Elles ont leur place réservée au
temple où elles forment un groupe d'une
quarantaine de personnes.
« Lorsque cette classe fut
inaugurée, Mrs. Williams fit une fête.
Quelques-unes de, ces femmes se levèrent
pour remercier. Voici quelques-unes de leurs
paroles : « Nous étions comme
mortes, et maintenant nous revenons à la
vie. Nous étions vieilles et affaiblies par
l'âge, maintenant, nous sommes jeunes encore.
Nous étions négligées et
méprisées, maintenant, notre soeur
aînée nous a cherchées et nous
mangeons des mets dont nos ancêtres n'ont
même pas entendu parler : de la
nourriture anglaise [allusion au plat de riz avec
de la mélasse] dans la maison de l'orometua
(1) !
Nous
étions sales et en haillons, maintenant,
nous avons de bons vêtements et même
des chapeaux.
Nous pensions que notre temps était
passé et que nous ne reviendrions plus
jamais dans le monde, nous étions mises de
côté comme des choses de rebut, mais
maintenant nous vivons à nouveau. Il est bon
d'avoir vécu jusqu'à ce jour. Tout
ceci nous le devons à la Parole de Dieu et
à ses compassions. » Ce groupement
a maintenant fréquemment ses fêtes,
et, à ces occasions, je vais
généralement passer une demi-heure
avec ces femmes âgées. Ceci est
entièrement l'oeuvre de Mrs. Williams, c'est
elle qui en a eu la pensée et qui dirige
tout.
« Notre nouvelle maison vient
d'être construite, et les grand'mères
se demandaient ce qu'elles pourraient faire ?

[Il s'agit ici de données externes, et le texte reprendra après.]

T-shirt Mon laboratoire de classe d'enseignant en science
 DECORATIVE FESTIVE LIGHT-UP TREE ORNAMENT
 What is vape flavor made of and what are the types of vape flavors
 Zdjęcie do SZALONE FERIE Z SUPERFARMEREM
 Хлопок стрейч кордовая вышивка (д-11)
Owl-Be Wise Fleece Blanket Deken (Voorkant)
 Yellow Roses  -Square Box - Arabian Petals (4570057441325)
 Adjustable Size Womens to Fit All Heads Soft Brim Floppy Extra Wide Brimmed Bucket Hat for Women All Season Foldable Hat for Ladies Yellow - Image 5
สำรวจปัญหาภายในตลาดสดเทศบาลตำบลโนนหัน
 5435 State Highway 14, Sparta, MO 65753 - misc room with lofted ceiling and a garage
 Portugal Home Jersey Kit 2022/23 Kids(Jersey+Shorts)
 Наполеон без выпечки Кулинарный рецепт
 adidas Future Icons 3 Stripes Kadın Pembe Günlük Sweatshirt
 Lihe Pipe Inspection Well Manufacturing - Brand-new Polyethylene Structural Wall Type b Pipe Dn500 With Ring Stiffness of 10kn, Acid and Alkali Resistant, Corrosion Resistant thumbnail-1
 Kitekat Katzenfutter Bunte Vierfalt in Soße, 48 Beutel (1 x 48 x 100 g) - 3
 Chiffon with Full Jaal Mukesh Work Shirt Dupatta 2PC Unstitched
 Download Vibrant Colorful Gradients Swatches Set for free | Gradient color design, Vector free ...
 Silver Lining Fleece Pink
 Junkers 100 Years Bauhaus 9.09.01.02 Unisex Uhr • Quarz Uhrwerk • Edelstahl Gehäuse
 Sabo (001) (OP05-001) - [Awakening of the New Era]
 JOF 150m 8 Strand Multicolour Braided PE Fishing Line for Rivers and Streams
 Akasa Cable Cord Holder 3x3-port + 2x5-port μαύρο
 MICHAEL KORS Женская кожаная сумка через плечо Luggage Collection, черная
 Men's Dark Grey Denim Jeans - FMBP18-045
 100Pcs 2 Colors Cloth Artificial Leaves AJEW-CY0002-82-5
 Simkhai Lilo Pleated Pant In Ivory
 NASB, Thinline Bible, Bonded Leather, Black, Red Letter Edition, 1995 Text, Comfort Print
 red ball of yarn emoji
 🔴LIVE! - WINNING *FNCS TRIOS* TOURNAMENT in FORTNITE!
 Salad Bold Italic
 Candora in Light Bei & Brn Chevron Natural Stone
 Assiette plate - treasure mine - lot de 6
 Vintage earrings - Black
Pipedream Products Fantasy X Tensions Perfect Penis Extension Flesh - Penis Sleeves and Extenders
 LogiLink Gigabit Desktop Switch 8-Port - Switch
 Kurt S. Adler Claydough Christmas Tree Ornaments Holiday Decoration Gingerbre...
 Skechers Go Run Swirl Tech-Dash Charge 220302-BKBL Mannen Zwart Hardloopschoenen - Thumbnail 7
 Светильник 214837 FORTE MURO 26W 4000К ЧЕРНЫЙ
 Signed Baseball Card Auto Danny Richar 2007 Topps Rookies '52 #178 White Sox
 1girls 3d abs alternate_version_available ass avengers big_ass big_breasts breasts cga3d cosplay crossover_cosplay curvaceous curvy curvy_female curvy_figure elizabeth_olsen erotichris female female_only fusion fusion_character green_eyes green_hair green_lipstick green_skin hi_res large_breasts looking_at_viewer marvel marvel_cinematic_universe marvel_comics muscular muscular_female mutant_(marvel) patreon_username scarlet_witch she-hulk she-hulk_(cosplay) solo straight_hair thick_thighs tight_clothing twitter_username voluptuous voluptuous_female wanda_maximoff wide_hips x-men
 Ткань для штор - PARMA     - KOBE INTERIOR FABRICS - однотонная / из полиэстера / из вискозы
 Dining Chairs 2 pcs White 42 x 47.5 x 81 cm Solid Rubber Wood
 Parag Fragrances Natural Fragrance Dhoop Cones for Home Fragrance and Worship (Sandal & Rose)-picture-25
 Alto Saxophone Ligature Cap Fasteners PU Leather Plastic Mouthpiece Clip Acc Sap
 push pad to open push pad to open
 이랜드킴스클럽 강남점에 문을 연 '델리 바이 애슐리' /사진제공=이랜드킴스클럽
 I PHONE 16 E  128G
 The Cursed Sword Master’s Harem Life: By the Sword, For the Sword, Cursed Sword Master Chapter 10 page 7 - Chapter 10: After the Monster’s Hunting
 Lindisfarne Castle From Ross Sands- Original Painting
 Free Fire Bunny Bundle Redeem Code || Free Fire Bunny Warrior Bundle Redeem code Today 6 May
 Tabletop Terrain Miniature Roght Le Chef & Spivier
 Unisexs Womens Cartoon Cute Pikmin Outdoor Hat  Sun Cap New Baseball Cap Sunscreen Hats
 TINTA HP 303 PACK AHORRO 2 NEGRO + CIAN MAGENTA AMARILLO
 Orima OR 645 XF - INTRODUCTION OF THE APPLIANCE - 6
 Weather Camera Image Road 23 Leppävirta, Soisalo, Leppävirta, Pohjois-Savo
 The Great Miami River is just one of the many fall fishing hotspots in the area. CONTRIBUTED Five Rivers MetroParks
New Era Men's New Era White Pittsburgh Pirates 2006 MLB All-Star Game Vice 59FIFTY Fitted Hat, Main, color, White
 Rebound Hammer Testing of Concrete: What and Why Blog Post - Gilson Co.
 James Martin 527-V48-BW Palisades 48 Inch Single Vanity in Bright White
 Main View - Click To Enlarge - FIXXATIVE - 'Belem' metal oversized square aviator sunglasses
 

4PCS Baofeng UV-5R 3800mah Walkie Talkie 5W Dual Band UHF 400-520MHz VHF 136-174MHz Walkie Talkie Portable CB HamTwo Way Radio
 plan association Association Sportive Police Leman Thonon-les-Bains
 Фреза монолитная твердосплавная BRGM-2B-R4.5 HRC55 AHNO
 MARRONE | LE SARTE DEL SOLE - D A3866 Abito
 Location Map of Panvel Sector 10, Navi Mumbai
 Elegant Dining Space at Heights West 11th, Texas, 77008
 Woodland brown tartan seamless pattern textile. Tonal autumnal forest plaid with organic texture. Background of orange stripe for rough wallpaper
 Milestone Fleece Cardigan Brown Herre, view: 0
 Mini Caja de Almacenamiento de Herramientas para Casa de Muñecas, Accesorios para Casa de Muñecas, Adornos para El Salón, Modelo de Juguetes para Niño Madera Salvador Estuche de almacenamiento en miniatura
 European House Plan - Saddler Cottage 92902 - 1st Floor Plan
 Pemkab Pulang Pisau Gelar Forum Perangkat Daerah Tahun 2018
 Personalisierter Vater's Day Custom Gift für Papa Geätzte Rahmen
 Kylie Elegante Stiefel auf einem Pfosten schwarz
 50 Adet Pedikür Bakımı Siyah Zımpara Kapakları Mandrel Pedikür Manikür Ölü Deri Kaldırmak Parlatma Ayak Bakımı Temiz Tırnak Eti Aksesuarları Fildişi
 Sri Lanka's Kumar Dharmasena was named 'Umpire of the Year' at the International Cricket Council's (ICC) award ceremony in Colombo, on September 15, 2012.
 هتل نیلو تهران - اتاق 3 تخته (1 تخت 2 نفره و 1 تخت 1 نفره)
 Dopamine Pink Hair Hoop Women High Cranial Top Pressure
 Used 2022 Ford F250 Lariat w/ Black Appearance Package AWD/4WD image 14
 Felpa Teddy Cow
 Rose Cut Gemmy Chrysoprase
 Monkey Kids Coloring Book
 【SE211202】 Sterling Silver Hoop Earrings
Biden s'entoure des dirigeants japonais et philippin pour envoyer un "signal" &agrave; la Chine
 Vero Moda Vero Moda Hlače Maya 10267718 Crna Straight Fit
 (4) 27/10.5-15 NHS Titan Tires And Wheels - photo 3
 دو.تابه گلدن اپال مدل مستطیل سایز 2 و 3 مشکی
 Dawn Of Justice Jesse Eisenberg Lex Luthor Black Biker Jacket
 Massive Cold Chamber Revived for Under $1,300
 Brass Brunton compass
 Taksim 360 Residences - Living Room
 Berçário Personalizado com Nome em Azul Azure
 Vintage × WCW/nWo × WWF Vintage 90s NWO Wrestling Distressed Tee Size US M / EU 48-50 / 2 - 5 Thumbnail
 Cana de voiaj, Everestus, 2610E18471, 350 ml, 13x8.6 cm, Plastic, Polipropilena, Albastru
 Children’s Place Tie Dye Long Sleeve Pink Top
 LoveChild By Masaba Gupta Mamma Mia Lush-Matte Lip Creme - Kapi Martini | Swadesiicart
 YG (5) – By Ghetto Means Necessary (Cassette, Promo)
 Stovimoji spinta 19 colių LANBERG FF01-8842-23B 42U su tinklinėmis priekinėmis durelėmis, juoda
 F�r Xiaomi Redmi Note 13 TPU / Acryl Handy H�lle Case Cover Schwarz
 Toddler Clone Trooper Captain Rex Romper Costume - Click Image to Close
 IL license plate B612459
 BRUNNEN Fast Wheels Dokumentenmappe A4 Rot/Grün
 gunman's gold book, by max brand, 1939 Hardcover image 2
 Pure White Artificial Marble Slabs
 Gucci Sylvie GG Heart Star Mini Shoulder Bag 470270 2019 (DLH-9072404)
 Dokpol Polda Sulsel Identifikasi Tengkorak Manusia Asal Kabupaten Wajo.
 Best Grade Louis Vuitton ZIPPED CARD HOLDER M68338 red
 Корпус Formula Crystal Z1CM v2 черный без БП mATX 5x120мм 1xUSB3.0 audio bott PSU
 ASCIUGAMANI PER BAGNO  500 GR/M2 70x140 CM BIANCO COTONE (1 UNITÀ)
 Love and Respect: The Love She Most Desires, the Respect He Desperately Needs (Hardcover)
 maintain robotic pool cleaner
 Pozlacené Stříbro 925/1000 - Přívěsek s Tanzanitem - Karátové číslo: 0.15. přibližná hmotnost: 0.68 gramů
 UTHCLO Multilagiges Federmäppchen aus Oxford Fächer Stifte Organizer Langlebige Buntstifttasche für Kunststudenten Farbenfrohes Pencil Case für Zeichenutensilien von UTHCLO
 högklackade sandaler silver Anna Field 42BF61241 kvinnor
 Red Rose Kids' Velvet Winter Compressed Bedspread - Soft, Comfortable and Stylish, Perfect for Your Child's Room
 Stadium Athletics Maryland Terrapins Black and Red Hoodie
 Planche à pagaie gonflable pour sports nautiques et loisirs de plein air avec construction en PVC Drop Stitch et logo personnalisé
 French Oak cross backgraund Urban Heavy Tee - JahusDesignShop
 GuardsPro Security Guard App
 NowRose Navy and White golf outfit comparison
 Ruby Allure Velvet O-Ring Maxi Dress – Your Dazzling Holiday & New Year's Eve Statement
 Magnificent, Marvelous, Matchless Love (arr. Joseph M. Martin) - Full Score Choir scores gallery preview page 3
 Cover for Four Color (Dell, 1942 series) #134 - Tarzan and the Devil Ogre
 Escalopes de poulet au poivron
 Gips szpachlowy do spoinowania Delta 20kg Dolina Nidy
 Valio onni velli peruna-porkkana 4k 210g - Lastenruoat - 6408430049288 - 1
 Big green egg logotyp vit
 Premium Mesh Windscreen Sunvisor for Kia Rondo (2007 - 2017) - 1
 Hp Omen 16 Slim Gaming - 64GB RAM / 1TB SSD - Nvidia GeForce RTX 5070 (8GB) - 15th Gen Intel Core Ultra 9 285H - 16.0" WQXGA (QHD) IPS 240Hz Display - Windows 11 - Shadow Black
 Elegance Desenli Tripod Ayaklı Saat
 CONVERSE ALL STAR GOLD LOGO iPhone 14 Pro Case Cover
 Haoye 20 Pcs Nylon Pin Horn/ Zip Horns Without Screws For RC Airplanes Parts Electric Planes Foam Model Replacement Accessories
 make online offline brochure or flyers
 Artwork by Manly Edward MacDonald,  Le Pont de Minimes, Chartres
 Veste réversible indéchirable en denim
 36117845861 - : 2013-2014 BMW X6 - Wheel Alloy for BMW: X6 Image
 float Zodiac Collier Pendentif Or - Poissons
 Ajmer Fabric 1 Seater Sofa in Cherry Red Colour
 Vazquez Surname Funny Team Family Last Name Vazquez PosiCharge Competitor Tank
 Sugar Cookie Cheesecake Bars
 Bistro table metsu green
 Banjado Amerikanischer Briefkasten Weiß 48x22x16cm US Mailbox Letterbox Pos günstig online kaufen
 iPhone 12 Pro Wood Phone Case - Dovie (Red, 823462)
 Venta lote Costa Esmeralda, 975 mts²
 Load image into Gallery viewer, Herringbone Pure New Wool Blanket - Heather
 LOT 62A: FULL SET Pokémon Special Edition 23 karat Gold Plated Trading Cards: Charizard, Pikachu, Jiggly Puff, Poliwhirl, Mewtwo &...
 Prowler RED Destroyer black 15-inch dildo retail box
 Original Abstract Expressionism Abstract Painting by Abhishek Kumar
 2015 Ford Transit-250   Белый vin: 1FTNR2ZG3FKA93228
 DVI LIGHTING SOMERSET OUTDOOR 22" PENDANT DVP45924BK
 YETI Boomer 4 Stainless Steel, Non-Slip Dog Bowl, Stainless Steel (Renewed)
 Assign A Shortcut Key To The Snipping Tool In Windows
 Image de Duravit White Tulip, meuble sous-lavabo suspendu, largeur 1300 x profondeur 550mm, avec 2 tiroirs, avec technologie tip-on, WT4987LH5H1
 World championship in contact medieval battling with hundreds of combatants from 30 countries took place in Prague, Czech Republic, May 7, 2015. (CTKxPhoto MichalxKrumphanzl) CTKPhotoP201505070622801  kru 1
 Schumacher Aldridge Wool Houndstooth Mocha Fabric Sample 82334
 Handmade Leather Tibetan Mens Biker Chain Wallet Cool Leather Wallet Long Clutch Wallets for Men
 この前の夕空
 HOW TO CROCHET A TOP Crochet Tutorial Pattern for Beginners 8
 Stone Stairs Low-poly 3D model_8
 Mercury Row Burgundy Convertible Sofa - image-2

Elles décidèrent de former deux
groupes et que chacun d'eux ferait une grande
natte : une pour la chambre de jour
(2), l'autre
pour
le salon.
« On s'adresse aussi constamment
à Mrs. Williams pour tailler des robes, pour
l'enseignement de la couture, etc...
« Notre nouvelle habitation vient
d'être terminée : elle est
excellente... » Après quelques
détails sur la construction, le jardin, le
potager, Mr. Williams continue :
« L'église ne cesse de se
développer..., bien que la discipline soit
très stricte, nous n'avons pas eu à
prononcer d'exclusion depuis que nous sommes ici.
Voici quelques-unes des conditions
d'admission :
« Une conduite morale. La moindre
infraction à cette règle tombe sous
le coup de la discipline. Ceux qui sèment la
discorde sont considérés comme ayant
une conduite répréhensible, et sont
exclus.
« Ne pas négliger les
moyens de grâce.
« Croire en Jésus-Christ comme
unique Sauveur, et en sa mort expiatoire pour
effacer le péché.
« Manifester la foi dans les
mérites et la médiation du Christ par
la haine du péché, l'amour de la
sainteté et de ses
fruits... »
« Il a été
extrêmement difficile de chasser de leurs
coeurs une croyance aux oeuvres comme rendant Dieu
favorable. Certains faits me prouvent qu'il faut
être extrêmement prudent concernant les
admissions ..... Il semble que certaines notions
manquent tout à fait aux indigènes.
Nous ressemblons au premier homme sortant des mains
du Créateur avant qu'Il eût
soufflé en ses narines le souffle de vie.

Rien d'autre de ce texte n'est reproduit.